• What you will do:
When you write out the listing, keep every word as it stands and drop the pictures.

• Raw data:
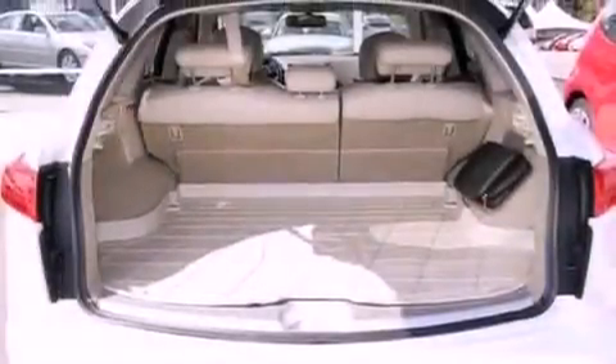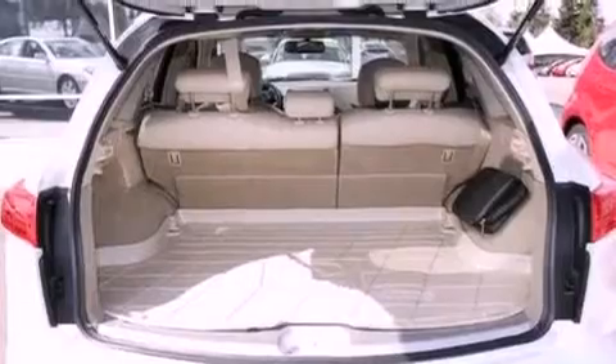Additional features include a passenger side vanity mirror, an anti-lock braking system, a split folding rear seat, and this vehicle has fewer than 48,000 miles on the odometer.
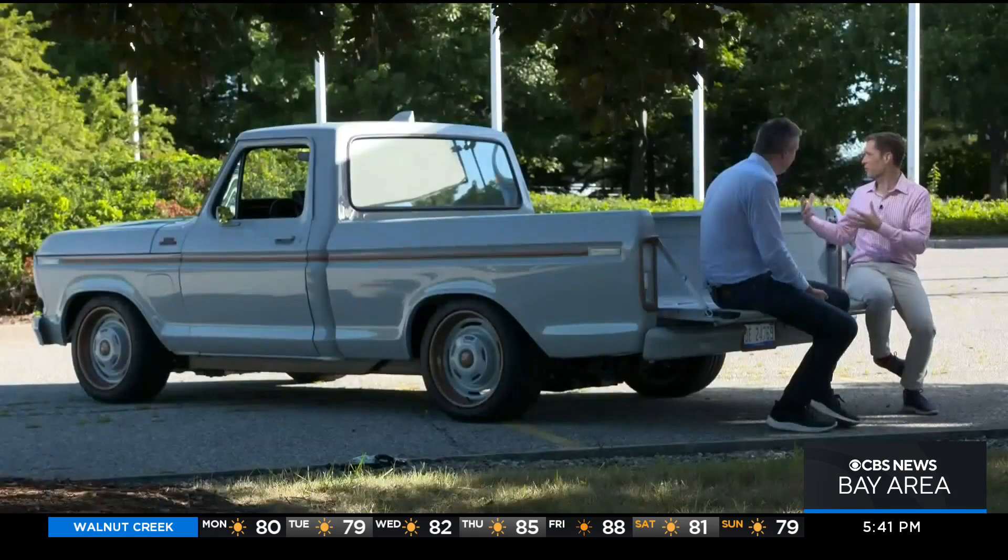Darren Palmer is charged with electrifying Ford. I imagine a traditionalist would look at this and go, 'But you're ruining a classic.' His response: 'I would love them to try it.'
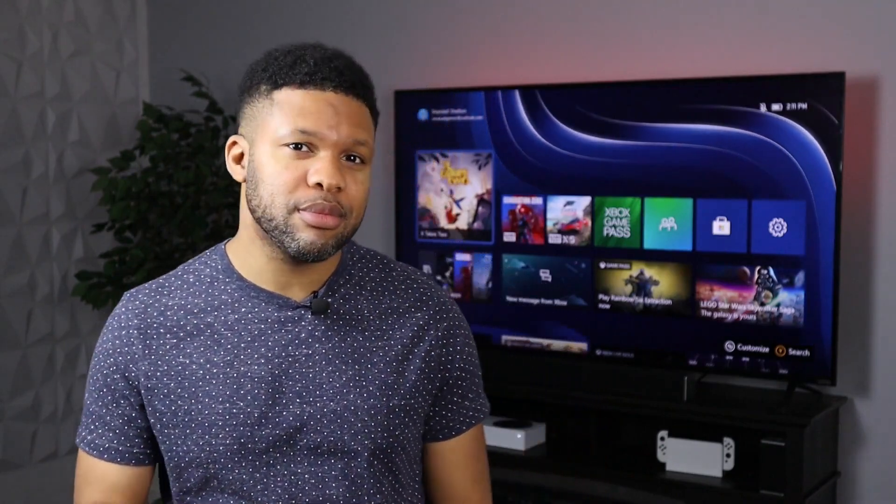So that is all the tips I have for you guys. Hopefully they help you save some money while gaming. If this video was helpful, make sure to leave a like, and also make sure to subscribe if you haven't already. I'll catch you guys in the next one. Peace.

• Answer to the exercise:
Additional features include a passenger side vanity mirror, an anti-lock braking system, a split folding rear seat, and this vehicle has fewer than 48,000 miles on the odometer.
Darren Palmer is charged with electrifying Ford. I imagine a traditionalist would look at this and go, 'But you're ruining a classic.' His response: 'I would love them to try it.'
So that is all the tips I have for you guys. Hopefully they help you save some money while gaming. If this video was helpful, make sure to leave a like, and also make sure to subscribe if you haven't already. I'll catch you guys in the next one. Peace.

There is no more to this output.